前言

本篇博客记录了我对LSTM的理论学习、PyTorch上LSTM和LSTMCell的学习,以及用LSTM对Seq2Seq框架+注意力机制的实现。还包括了很多有趣的细节,包括RNNs对批量序列数据Padding的处理,以及多层RNNs中Dropout的使用等等。

0 好奇心害死猫

最近在复现Bahdana的注意力机制NMT模型(PyTorch),第一次使用LSTM作为编码器和解码器的基本结构。发现fairseq的源码中编码器使用LSTM,而解码器使用的却是LSTMCell;而OpenNMT的编码器和解码器实现都只使用了LSTM,遂产生好奇。原因竟然是…

1 LSTM速览

1.1 LSTM流程图

1.2 LSTM的关键

1.3 与RNN的对比

这里引用知乎-予以初始的回答,非常通俗易懂

RNN用于信息传输通路只有一条,并且该通路上的计算包含多次非线性激活操作。长记忆丢失是因为梯度消失,而梯度消失的主谋就是多层激活函数的嵌套,导致梯度反传时越乘越小(激活函数的导数<=1),乃至下溢出。所以后面的梯度传递不到前方,无法建立长时依赖。

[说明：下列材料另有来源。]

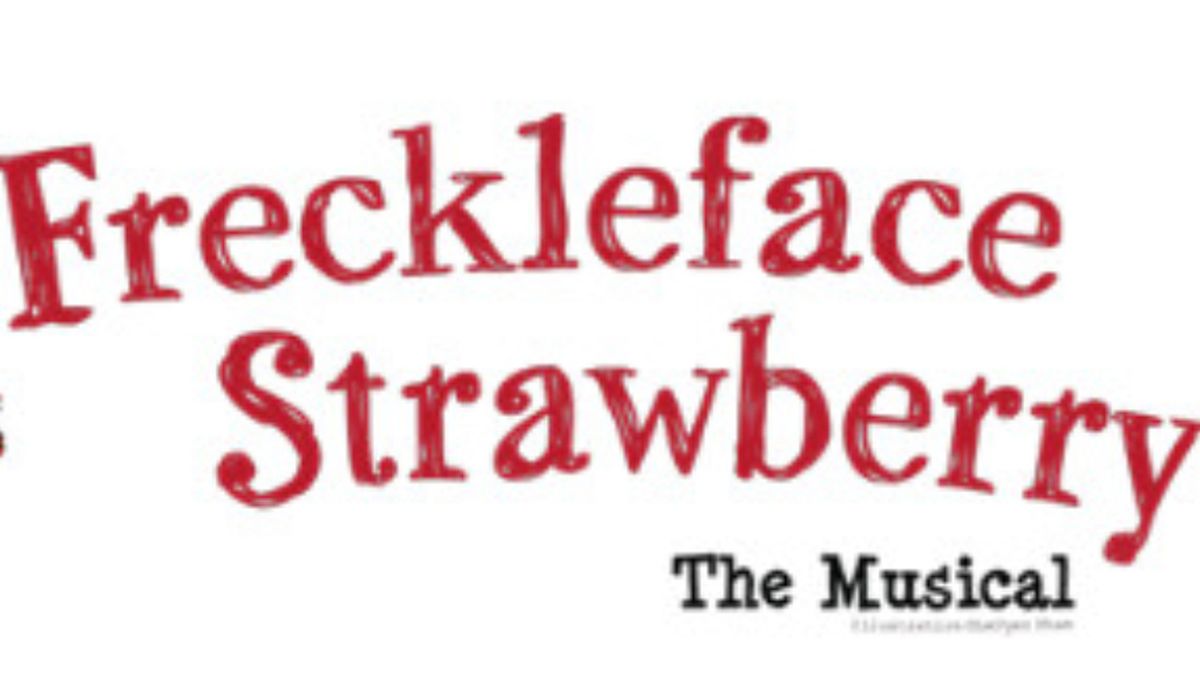 FRECKLEFACE STRAWBERRY: THE MUSICAL is Coming to the Argyle Theatre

LSTM引入了两条计算通道(Ch) 用于信息传输,其中C通道上的计算相对简单,较多的是矩阵的线性转换,没有太多的非线性激活操作。梯度反传时可以在C通道上平稳的传输到前方,从而建立长时依赖。所以C通道主要用于建立长时依赖,h通道用于建立短时依赖。

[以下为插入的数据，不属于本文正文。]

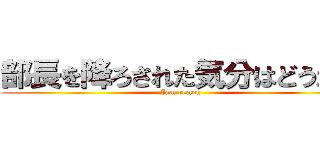 部長を降ろされた気分はどうだ？ (Iam remon)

要说的是,LSTM的设计只是较RNN缓解了梯度消失问题,并没有完全解决。与Transformer的自注意力相比,LSTM的顺序输入的方式影响了模型的并行性,但符合人对序列的理解方式。

2 多层LSTM

3 PyTorch中的LSTM

由于深度学习框架对模型成熟的封装,RNN这类模型的输入输出、使用方法基本一致。这里以LSTM为例,可以很容易的掌握其他所有RNNs

3.1 LSTM

3.2 LSTMCell

4 PyTorch实践:Encoder-Decoder模型

4.1 用LSTM写Encoder

class Encoder(nn.Module):
    def __init__(self, n_src_words, d_model, src_pdx, n_layers, p_drop, bidirectional):
        super().__init__()
        self.d_model, self.n_layers, self.src_pdx = d_model, n_layers, src_pdx
        self.n_directions = 2 if bidirectional else 1
        self.input_embedding = nn.Embedding(n_src_words, d_model, padding_idx=src_pdx)
        self.lstm = nn.LSTM(input_size=d_model, hidden_size=d_model, num_layers=n_layers, 
                            dropout=p_drop, batch_first=True, bidirectional=bidirectional)
    
    def forward(self, src_tokens):
        # - src_embed: (batch_size, src_len, d_model)
        src_embed = self.input_embedding(src_tokens)
        batch_size, src_lens = src_tokens.size(0), src_tokens.ne(self.src_pdx).long().sum(dim=-1)
        packed_src_embed = nn.utils.rnn.pack_padded_sequence(
            src_embed, src_lens.to('cpu'), batch_first=True, enforce_sorted=False
        )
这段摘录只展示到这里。